(Data listing)

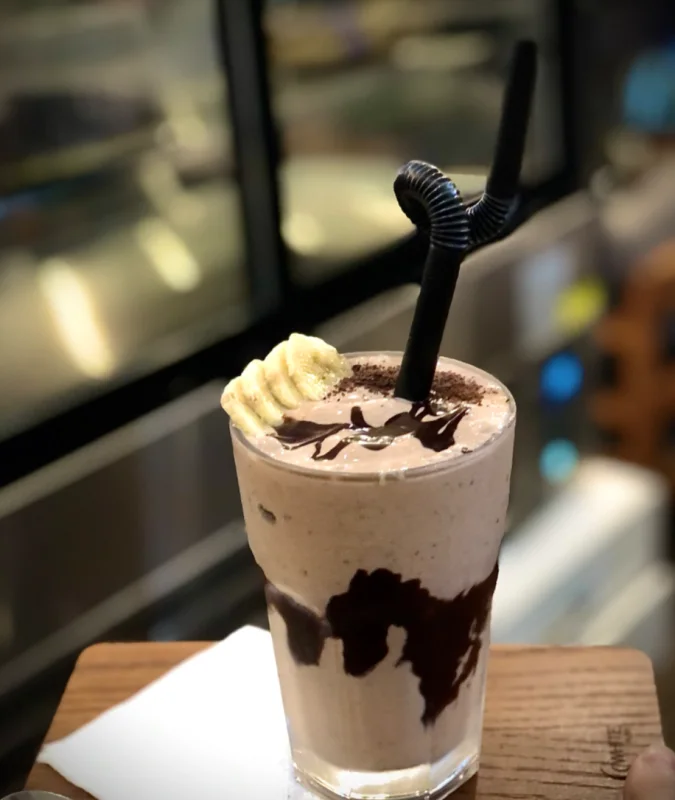 شیک موز شکلات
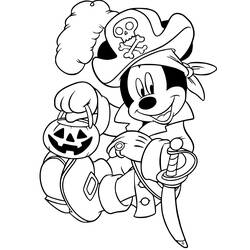 Coloring page: Mickey (Animation Movies) #170098 - Printable coloring pages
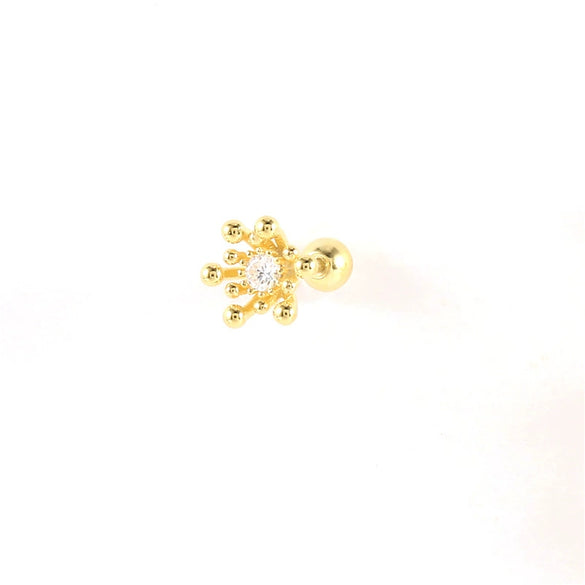 Wholesale S925 Sterling Silver Mini Piercing Thread Ear Studs With Distinctive Angel's Eye Design Electroplated For Women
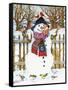 Snowman-Wendy Edelson-Framed Stretched Canvas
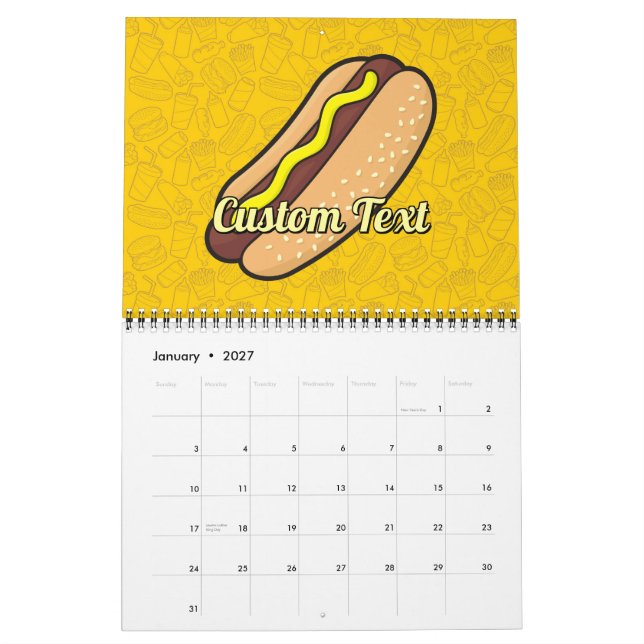 Hotdog Kalender (Jan 2027)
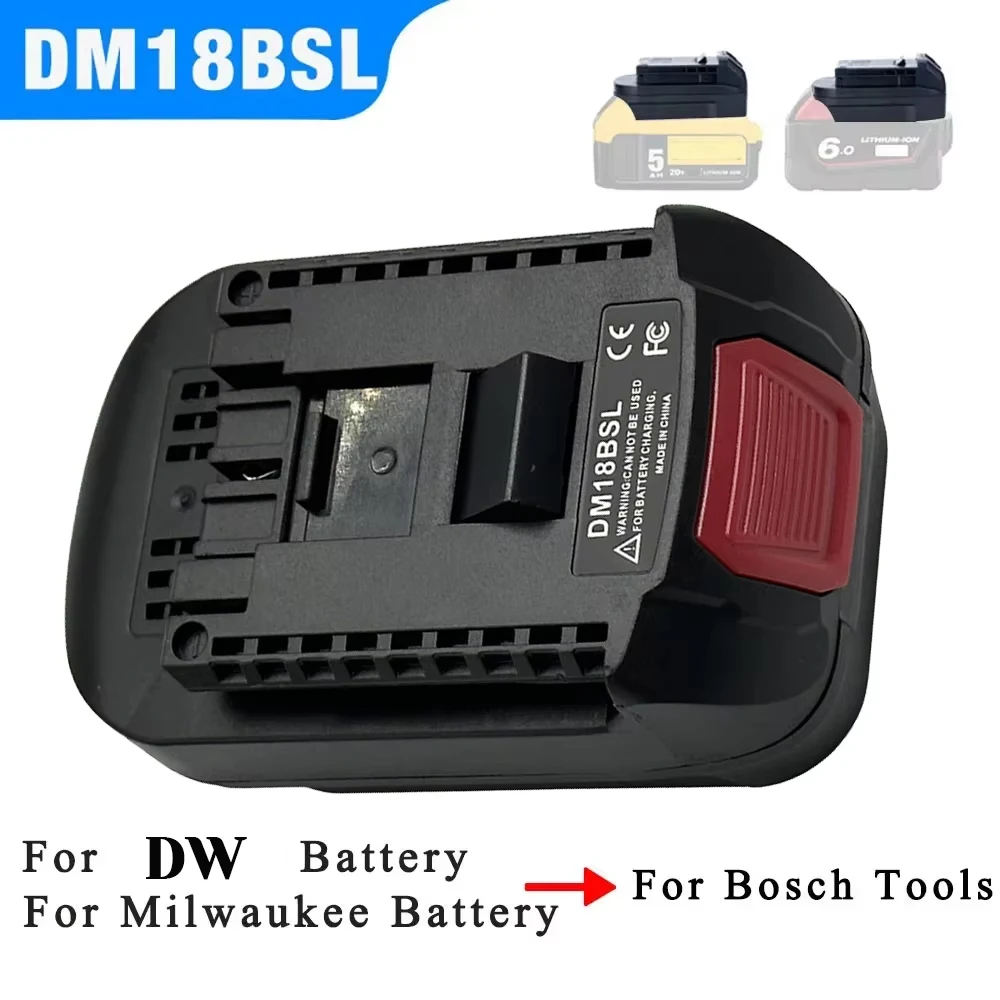 DM18BSL Batterieadapter für DW 20V Milwaukee 18V Li-Ion, umwandlung für Bosch 18V Akku-Werkzeuge – Detail 2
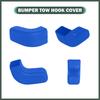 Blue Factory Bumper Tow Hook Covers Fit For Jeep Wrangler JK JL & Gladiator JT 2007- Front Bumper, Add Cushioned Grip To Tow Strap Recovery, Protect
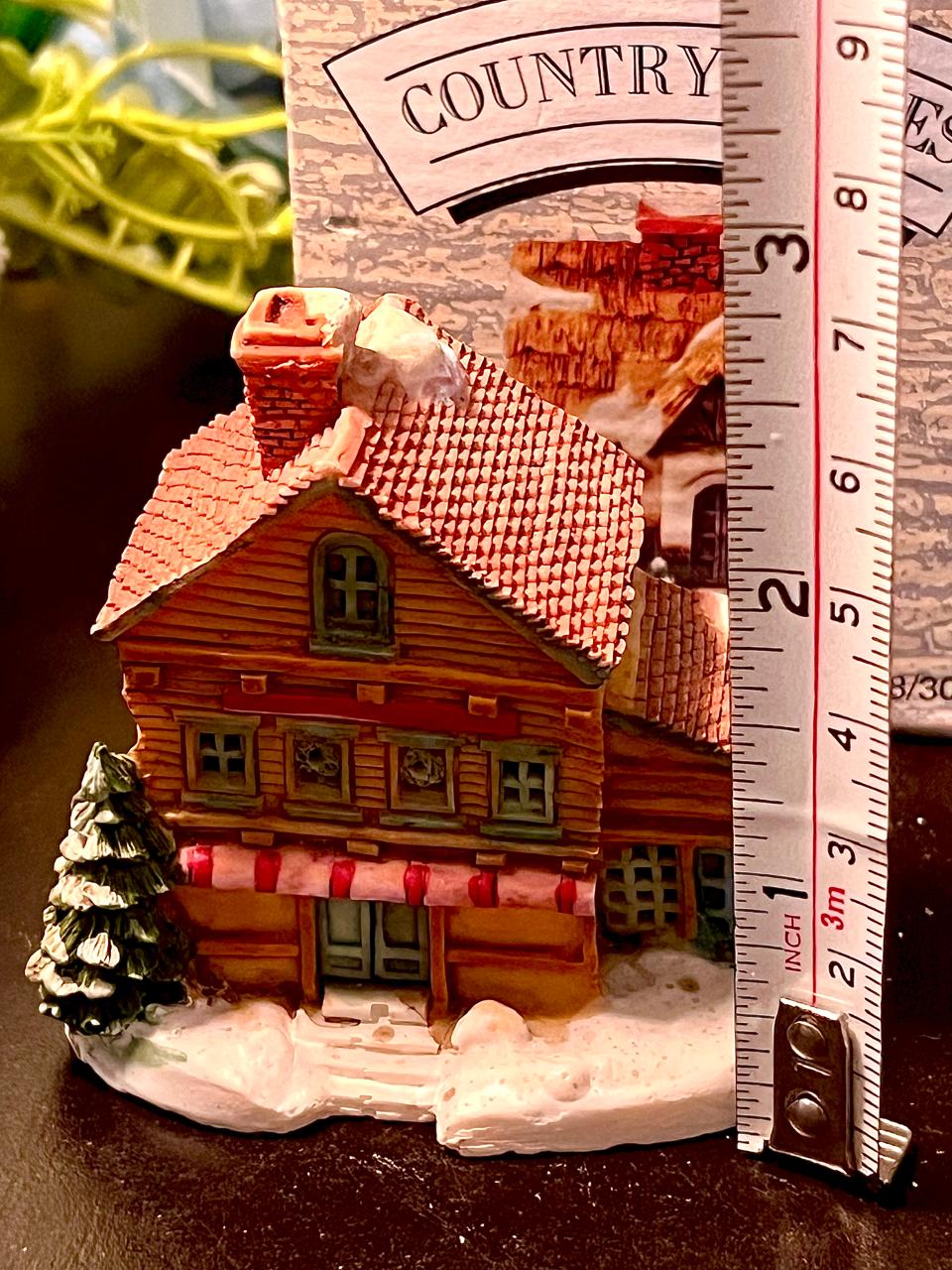 Country Homes Snowy Timber Shop Miniature 3 Inch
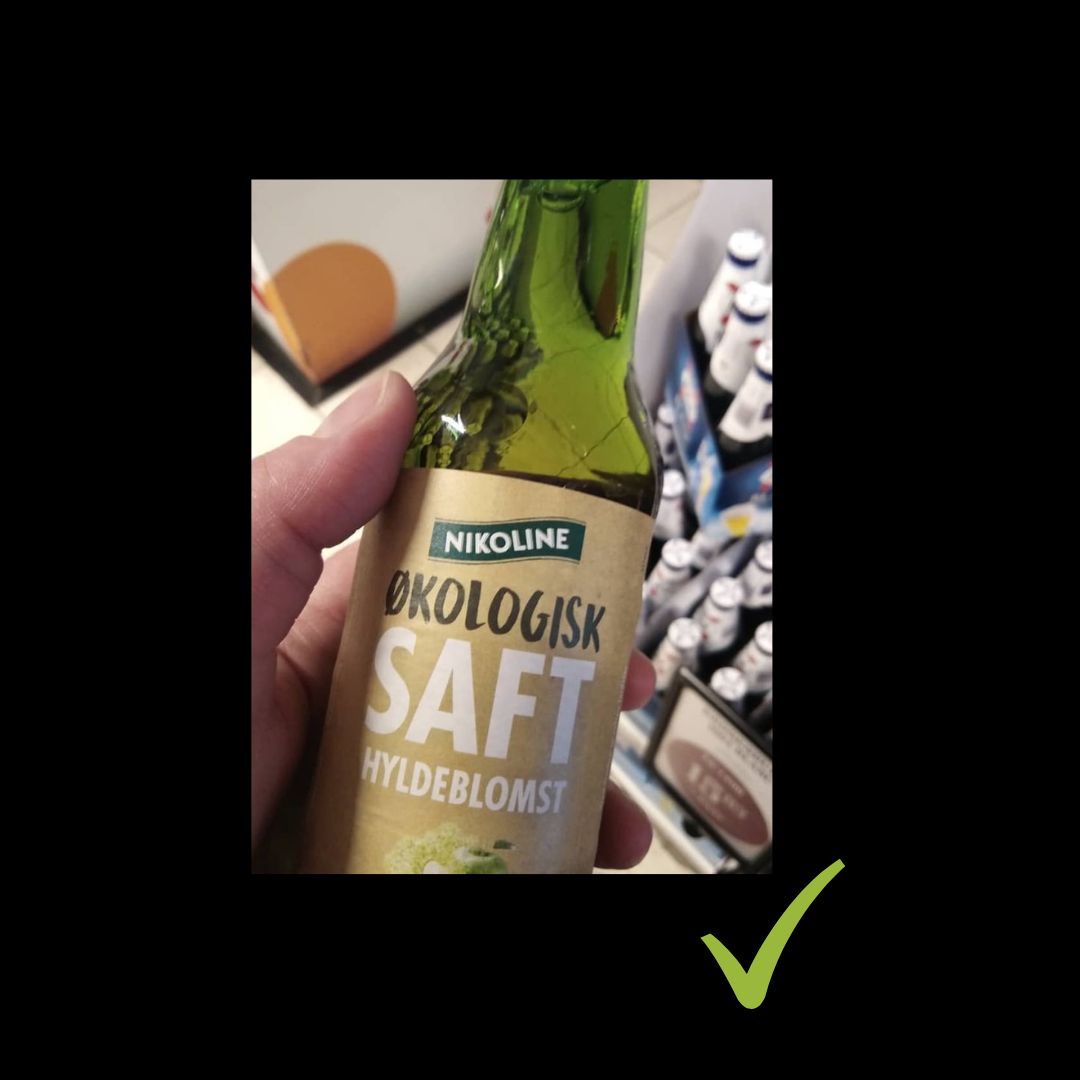 Økologisk hyldeblomst saft 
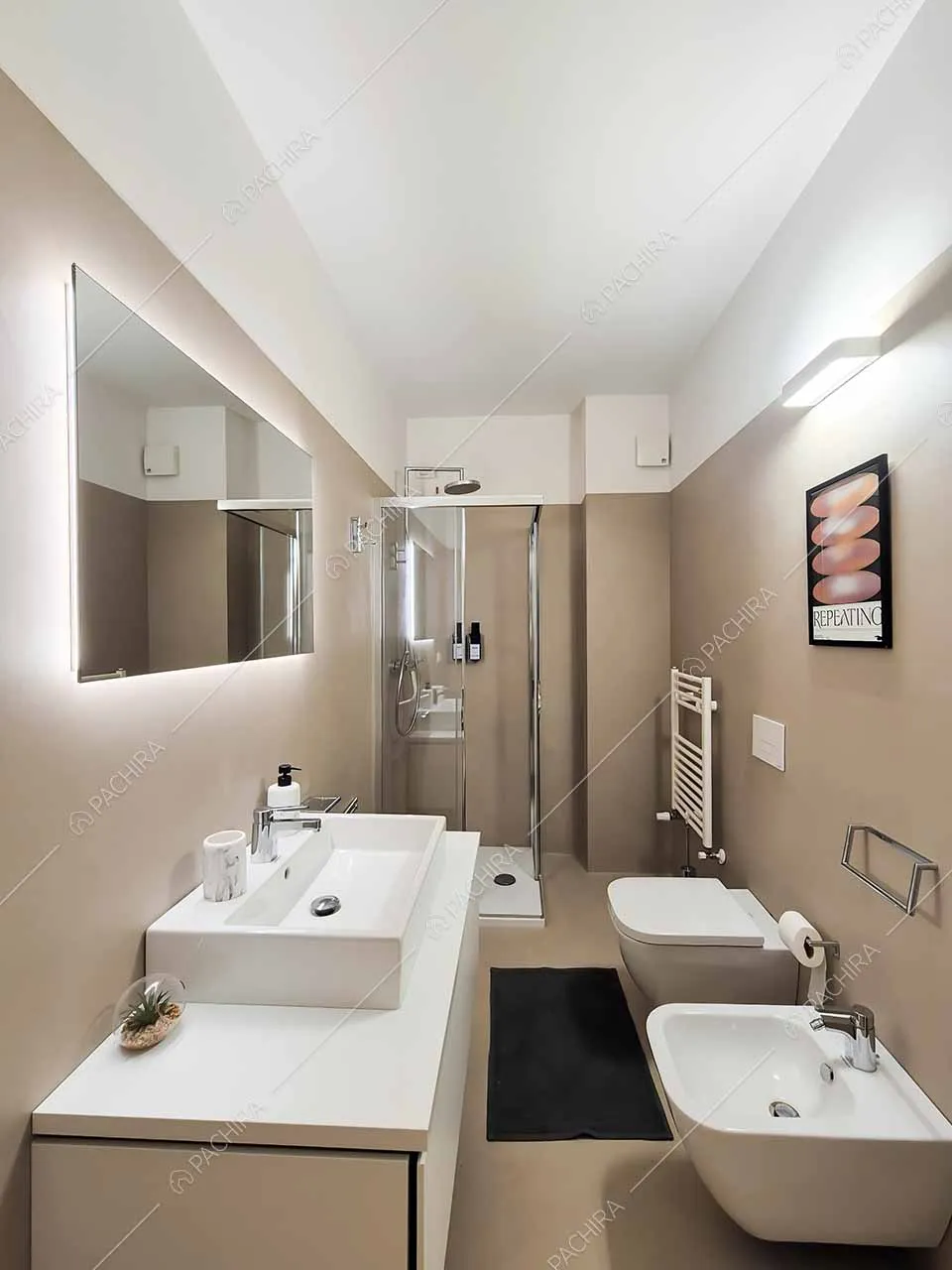 Bagno della location Drina, loft in stile moderno a Milano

(End Data listing)

What needs to be done
With images omitted, output the data exactly as given.

Written response
 شیک موز شکلات
 Coloring page: Mickey (Animation Movies) #170098 - Printable coloring pages
 Wholesale S925 Sterling Silver Mini Piercing Thread Ear Studs With Distinctive Angel's Eye Design Electroplated For Women
 Snowman-Wendy Edelson-Framed Stretched Canvas
 Hotdog Kalender (Jan 2027)
 DM18BSL Batterieadapter für DW 20V Milwaukee 18V Li-Ion, umwandlung für Bosch 18V Akku-Werkzeuge – Detail 2
 Blue Factory Bumper Tow Hook Covers Fit For Jeep Wrangler JK JL & Gladiator JT 2007- Front Bumper, Add Cushioned Grip To Tow Strap Recovery, Protect
 Country Homes Snowy Timber Shop Miniature 3 Inch
 Økologisk hyldeblomst saft 
 Bagno della location Drina, loft in stile moderno a Milano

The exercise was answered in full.